The fee's can Range from 5-$15

Thats the usual fee to cover food that the rat ate, and the make sure no one feeds it to a snake.

Really not so bad 

Some shelters may even do free, but free to a good home is usually a bad idea. 
To many snake owners looking for free food.


----------



## stephaniechung (Mar 9, 2010)

The price breakdown with the rescue I'm volunteering with is as followed (single/paired rats):
6 weeks - 3 months $20/$30
3 months+ to Adult $15/$20
Fixed (spayed or neutered) $45/$60
Senior/Special Needs $10/$15


----------



## Kiko (Sep 18, 2009)

Wow!
Thats really expensive.....why is you Rescue charging so much?


----------



## stephaniechung (Mar 9, 2010)

I have no idea. I never asked and I've only been a volunteer for about 2 weeks. I know for a fact that it's a "donation" so if someone can't afford the prices set, we will work with them if they seem to be good people that will provide a good home. We much rather give the rat a good, permanent home than not adopt them out because someone can't afford it.


----------



## Kiko (Sep 18, 2009)

Well thats good at least.
Cause if someone goes into a rescue and see's 65$ for a rat....they are more likely to head over to petco and grab a 5$ one.


----------



## stephaniechung (Mar 9, 2010)

Well the $60 dollars is for a neutered/spayed rat. While it's a lot to dish out, keep in mind most good vets are charging about $90+ dollars for neutering spaying. We're still taking a loss in money but donations and adoption fees are the primary ways to recoup some money is by adoption fees. It's one way the rescue keeps on running because it certainly doesn't pay for itself. In the end, even with fees and donations, whatever can't be bought/reimbursed with donation money is coming out of their foster owner's pocket.

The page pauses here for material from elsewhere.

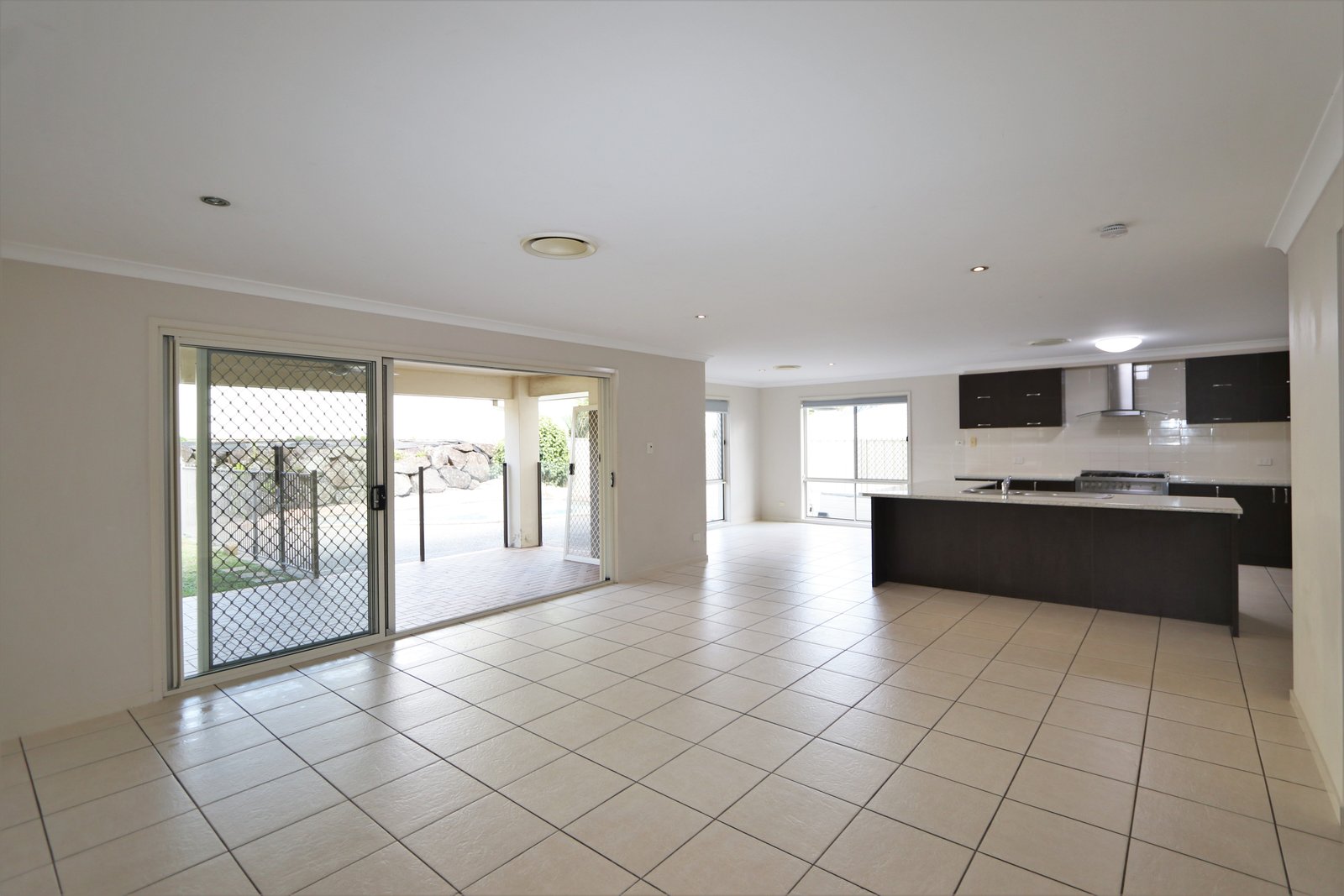 14 Casuarina Drive MOLENDINAR 4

And we have a quite a bit of fosters (I'm taking care of 4 myself, and had to take back 3 rats that weren't working out for a family 2 weeks ago). At the last adoption fair, I can easily guess there were over 20 rats from just my foster family and 2 others. We have more fosters that were unable to attend. But the most important thing is still to find homes for all these rats so yea, pricey but workable, I think.


----------